The shots are supposed to be made available this month to priority frontline workers, including first responders (police, firefighters and emergency transport), K-12 educational staff, child care staff, grocery store workers, postal workers, bylaw and quarantine officers, manufacturing workers and wholesale/warehousing employees.


The calls for priority shots comes as B.C. witnesses a dramatic rise in COVID-19 cases, including 325 last week in the Tri-Cities.

According to information on the B.C. government website, employers are organizing shots for priority front line workers, but dates are not specified.

And on Thursday, Dr. Bonnie Henry said the province is suspending its offer of early vaccinations for essential workers "for now" amid uncertainty over the AstraZeneca vaccine.

Meanwhile, Tri-City residents aged 55-65 (born between 1956-1966) are scrambling to get a limited number of AstraZeneca doses made available through local pharmacies.

The new targeted program — available only in Fraser Health and Vancouver Coastal Health regions at 150 participating pharmacies — began Wednesday after B.C.’s decision to pause the administration of AstraZeneca shots to people age 55 and younger over concerns about rare blood clots.

Instead, shots were to be given to people age 55 to 65, as the AstraZeneca vaccine was halted for the younger groups.

It didn’t take long for pharmacist phone lines and online booking systems to get fully booked.

By Thursday morning, all available doses in the Tri-Cities had been snapped up, with pharmacists at Shoppers Drug Mart stores saying they weren't taking any more bookings.

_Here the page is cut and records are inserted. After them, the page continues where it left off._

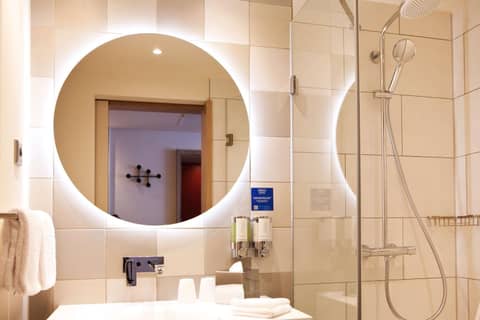 Hampton By Hilton Vienna Messe — photo 3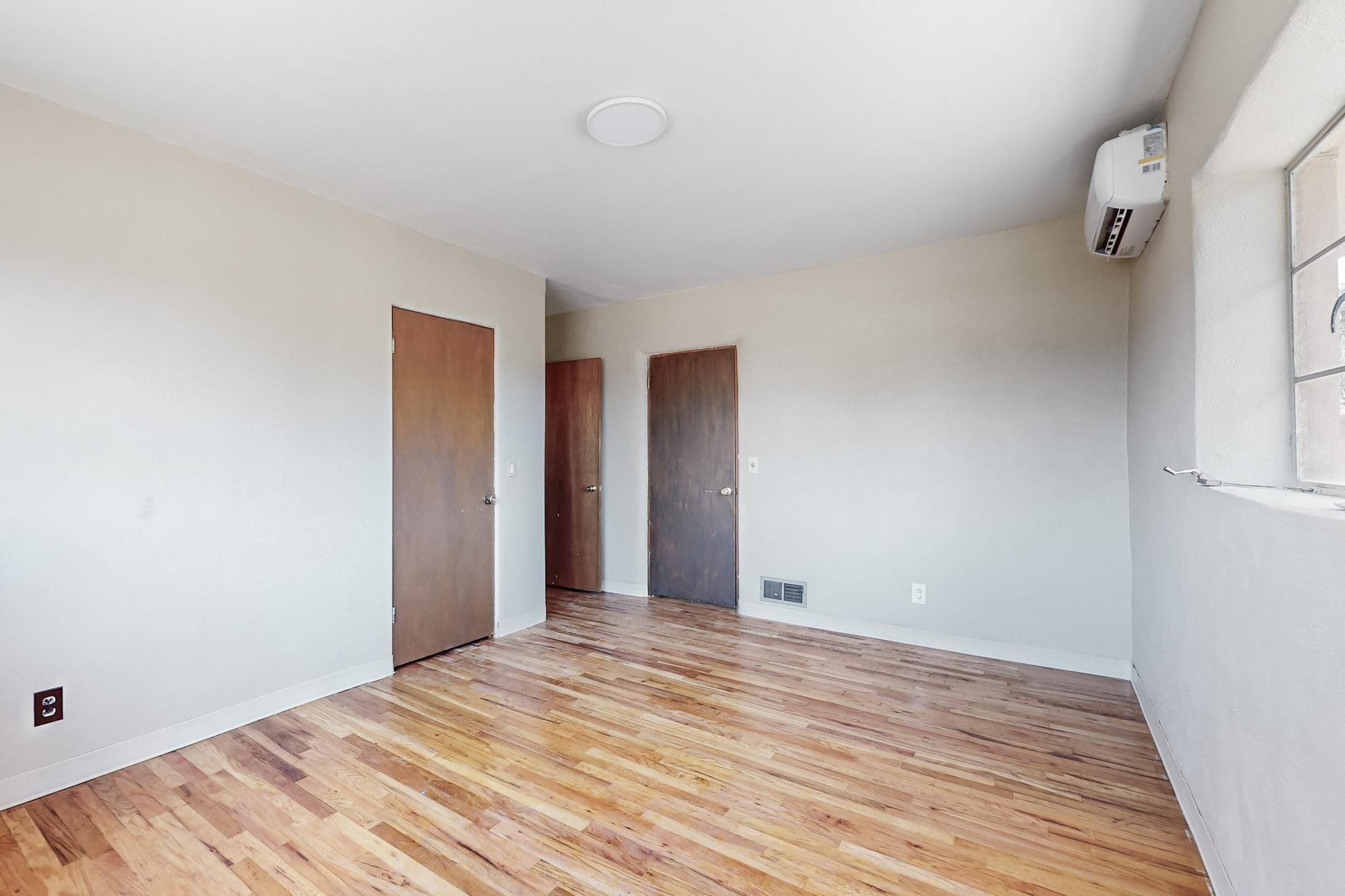 21 Bouquet Lane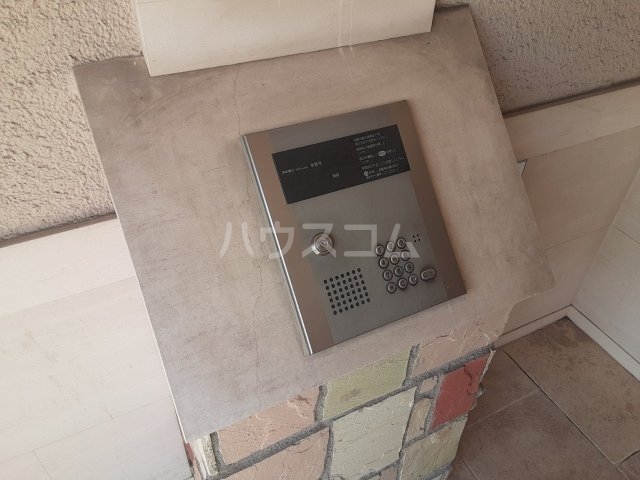 25/30 エントランス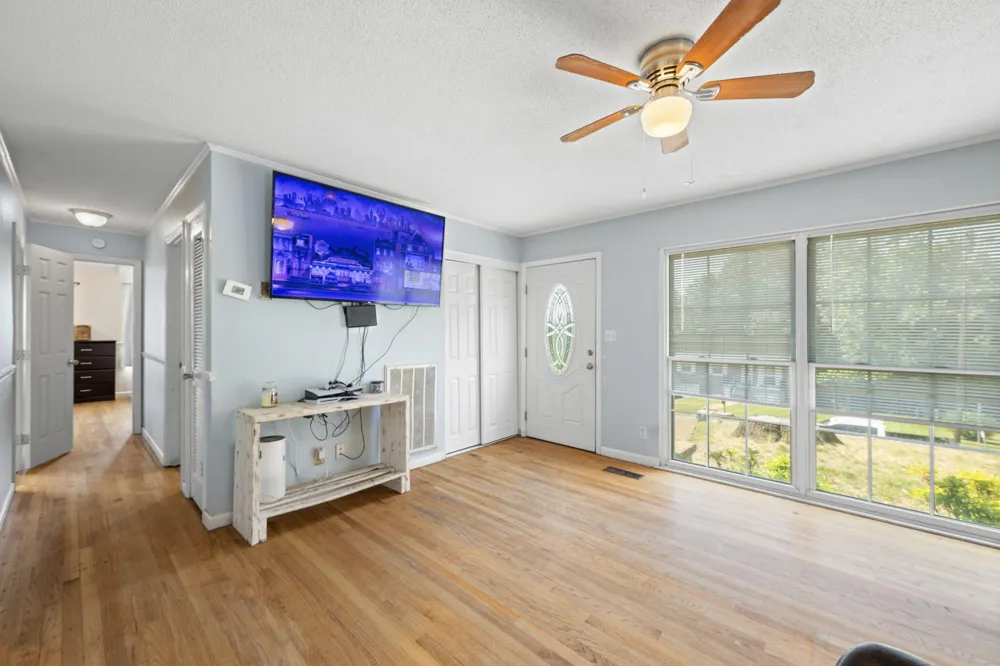 2385 Glengerrie Drive Soddy Daisy, TN 37379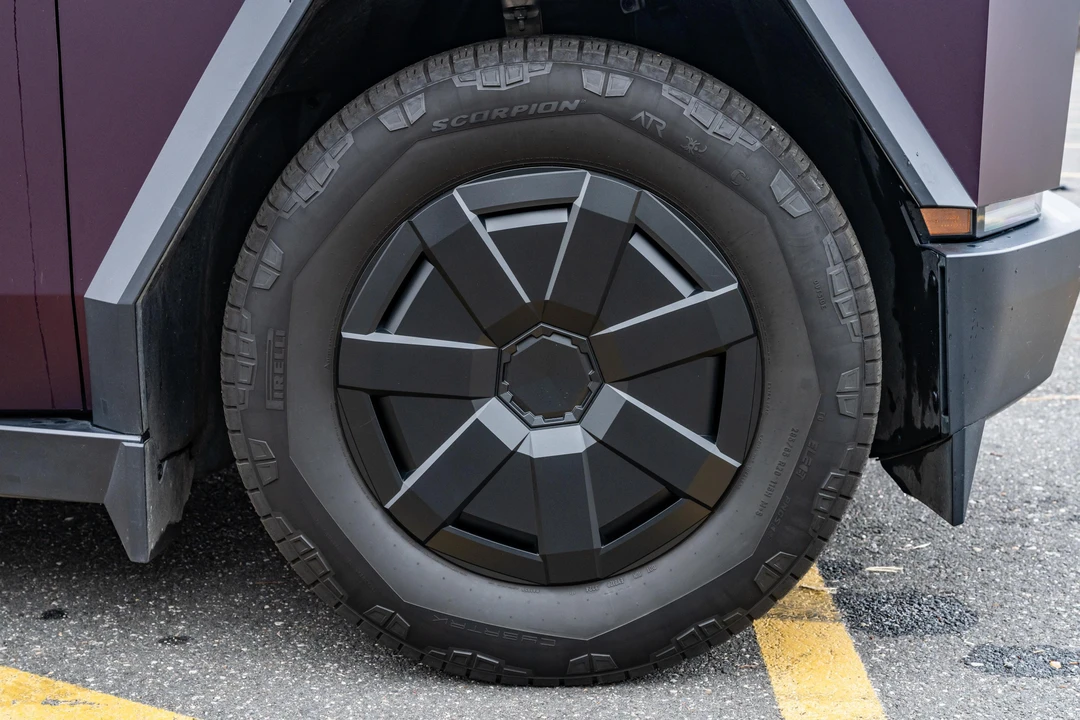 2024 Tesla Cybertruck - Image 19 of 31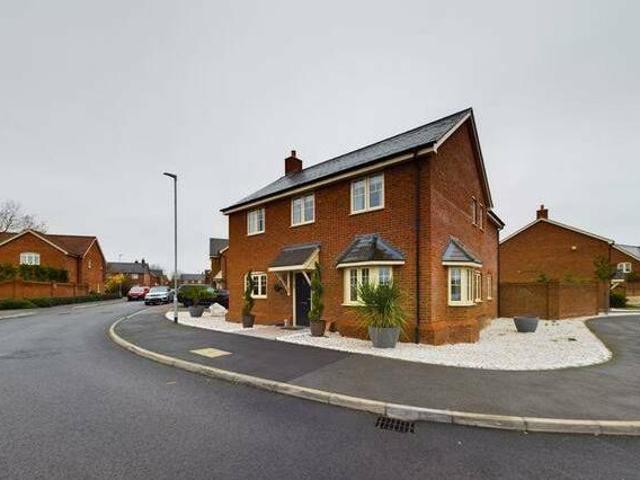 House for rent in Buckinghamshire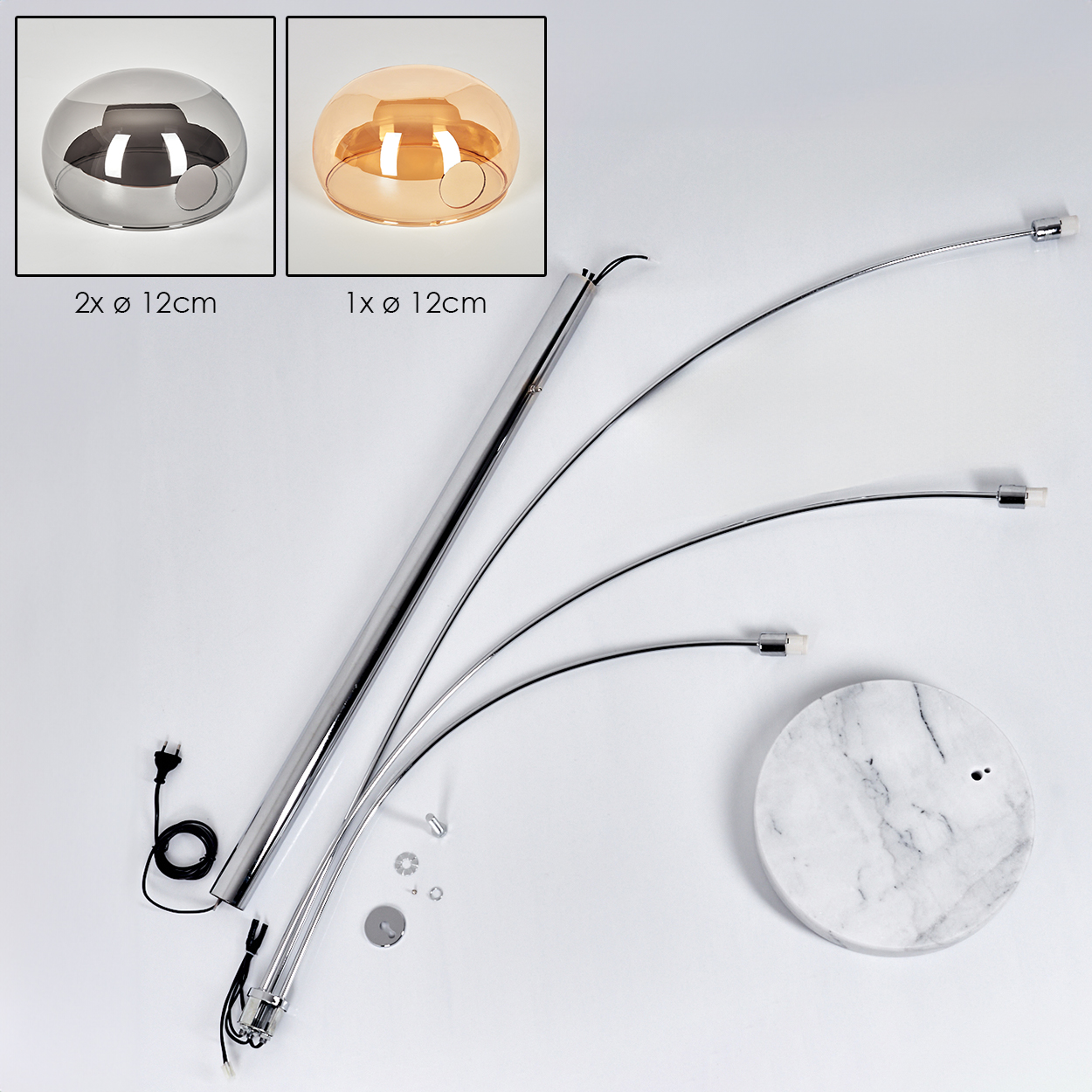 Zerlegte moderne Lampe. Teile umfassen zwei silberne Schirme, einen bernsteinfarbenen Schirm, Chromstangen, einen Marmorsockel und Kabel auf Weiß.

“It’s been crazy busy,” said a Shoppers Drug mart pharmacist working at the St. Johns Store in Port Moody, who said all available bookings had been made and people were getting shots on Thursday.

With shots running out, online systems at Loblaws, Costco and Save-On Foods bookings were wait-listed and Shoppers Drug Mart, where people could call, said they weren’t accepting any more bookings and wouldn’t be starting a list.

“We don’t know if we’re going to have any more,” said a pharmacist at a Shoppers Drug Mart store in Port Coquitlam.

Meanwhile, London Drugs, which opened up vaccination clinics at its locations in Coquitlam Centre, Burnaby and North Vancouver, said it had been 'inundated' with vaccine booking calls Wednesday, and asked residents to stop calling pharmacies. 

The Richmond-based company said if more vaccines became available, it would let customers know where to book online.

In a survey of Tri-City pharmacies offering the vaccine, most pharmacists reported receiving 80 to 90 shots per store, while Shoppers in Port Moody, the only location delivering COVID-19 vaccines in the city, got 200.

The Tri-City News has reached out to the Ministry of Health to find out when more AstraZeneca shots will be available for the 55 to 65 vaccination campaign.

However, the Vancouver Sun has reported that the province had just 13,500 doses of the AstraZeneca vaccine, which it had to use up before an April 2 expiration date; B.C. is expecting 43,000 more doses from the federal government on Friday.


According to the latest census statistics, there are more than 19,000 people aged 55-64 in Coquitlam alone. With 15 pharmacies in the Tri-Cities limited to between several dozen or a couple of hundred AstraZeneca shots, it’s likely most young boomers will have to wait longer for their vaccines.

As for the age-based campaign, seniors 73 years and older reported a smooth roll out at the new Coquitlam clinic in the Poirier Forum, which opened Monday.

For those looking to book vaccine appointments over the Easter long weekend, Fraser Health is reminding people to take note of changes in the online booking registration as it switches over to a provincial online booking system on April 6.

Fraser Health’s self-serve online booking tool will operate only in the evenings: On Friday, April 2, and Monday, April 5, it will be open from 5 p.m. to 9 a.m., while on Saturday, April 3, and Sunday, April 4, it will run from 7 p.m. to 7 a.m.

During the day, people can call the telephone booking system at 1-855-755-2455.

The phone line will operate from 9 a.m. to 5 p.m. on Friday, April 2, and Monday, April 5, to align with the statutory holidays.